Ce que je hais, ce n'est pas une religion ou une autre, c'est ce qu'en font certains par hypocrisie, opportunisme et connerie. J'inclus dans cette haine la laïcité quand elle devient elle-même une religion.
J'ai dit que, pour moi, c'étaient avant tout des femmes, donc avec leurs défauts comme les autres : l'orgueil, la vanité,l'indifférence aux autres parfois, peut-être même une certaine mièvrerie. Celles que je cite avaient aussi certainement des défauts mais elles ne m'ont montré le plus souvent que leur "âme" (j'espère que ce mot ne te fera pas bondir).

CHROUM-BADABAN a dit…

Si tu veux la République, la chose publique, me tient plus que n'importe quelle religion. J'en ferais presque une religion ! L'égalité entre les hommes, oui, et la religion en son for intérieur, si on y tient. Sans prosélytisme.
Il y a quelques jours j'étais dans une réunion et un intervenant a commencé comme ça : nous tous qui sommes fils de dieu ... Là je me suis dis "mon pote, si je suis fils de dieu, dieu doit être un sacré con pour m'avoir ainsi conçu !"
La laïcité est actuellement devenue une religion fourretout à la mode. Histoire de faire chier les musulmans que je déteste tout autant que les cathos et les autres religieux !
Quand aux athées, quand ils s'escriment à démontrer l'inexistence de dieu, ils me font bien rire !
Je suis simplet sur la question religieuse : moins on en parle, mieux je me porte !

Cornus a dit…

Eh bien dis donc, cela en fait des religieuses qui gravitaient autour de toi, je n'aurais pas pensé qu'il y en eût autant. Belle galerie de portraits et bonne mémoire en tout cas.

Calyste a dit…

Chroum : entièrement d'accord avec ton premier paragraphe. Quant à la phrase de l'intervenant, je la trouve déplacée : ou c'est un con ou c'est un provocateur.

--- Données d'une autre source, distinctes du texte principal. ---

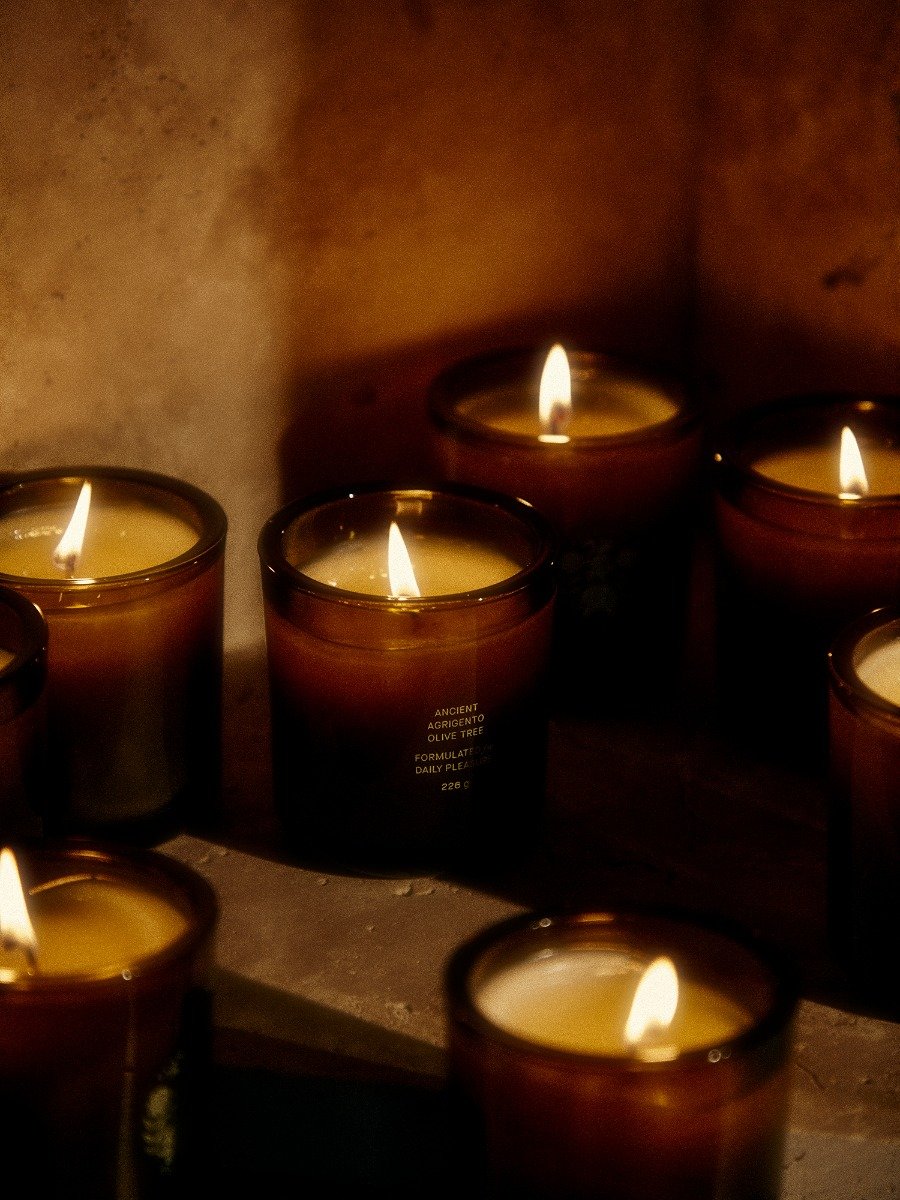 Flamingo Estate - Ancient Agrigento Olive Tree Candle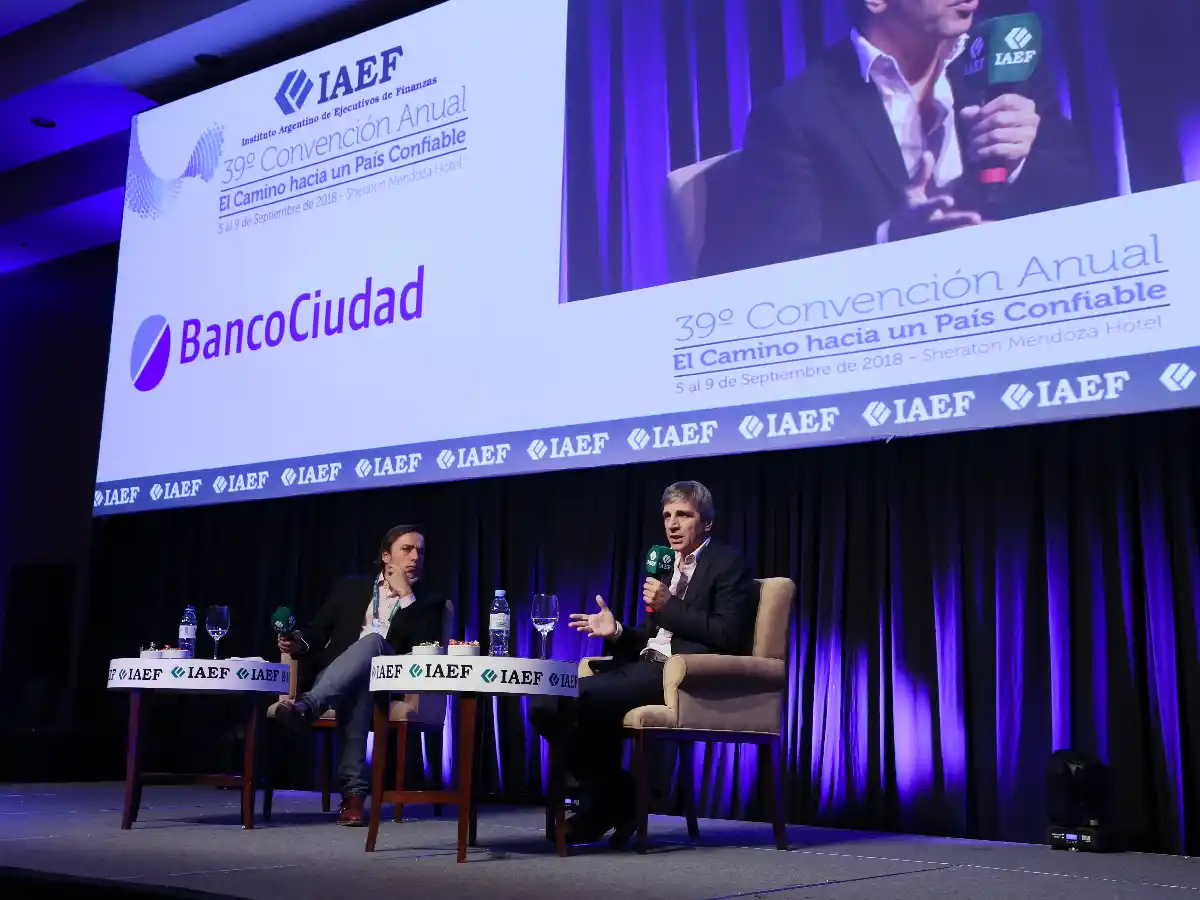 "Salir de la recesión será lento y doloroso", admitió Caputo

Cornus : il y en avait encore quelques autres qui ne m'ont pas laissé de souvenir particulier. Nous les croisions à l'occasion, le collège se trouvant dans le même bâtiment que leur couvent.

Cornus a dit…

Honnêtement, je pense que j'aurais eu du mal à m'habituer à la présence d'autant de femmes ou d'hommes d'église, d'abord parce que mon tropisme "naturel" m'en aurait éloigné. Après, avec le hasard des circonstances, si je m'était retrouvé là, me connaissant, de m'y serais fait (eux auraient aussi dû se faire à moi) et tout porte à croire que j'aurais pu avoir de bons rapports avec certaines (certains) et peut-être des amitiés.

Calyste a dit…

Cornus : comme je l'ai dit, elles étaient avant tout des êtres humains et non des sœurs.
Comme tu l'as sans doute vu, je ne considère pas les êtres par rapport à leurs fonctions mais par rapport à ce qu'il sont profondément.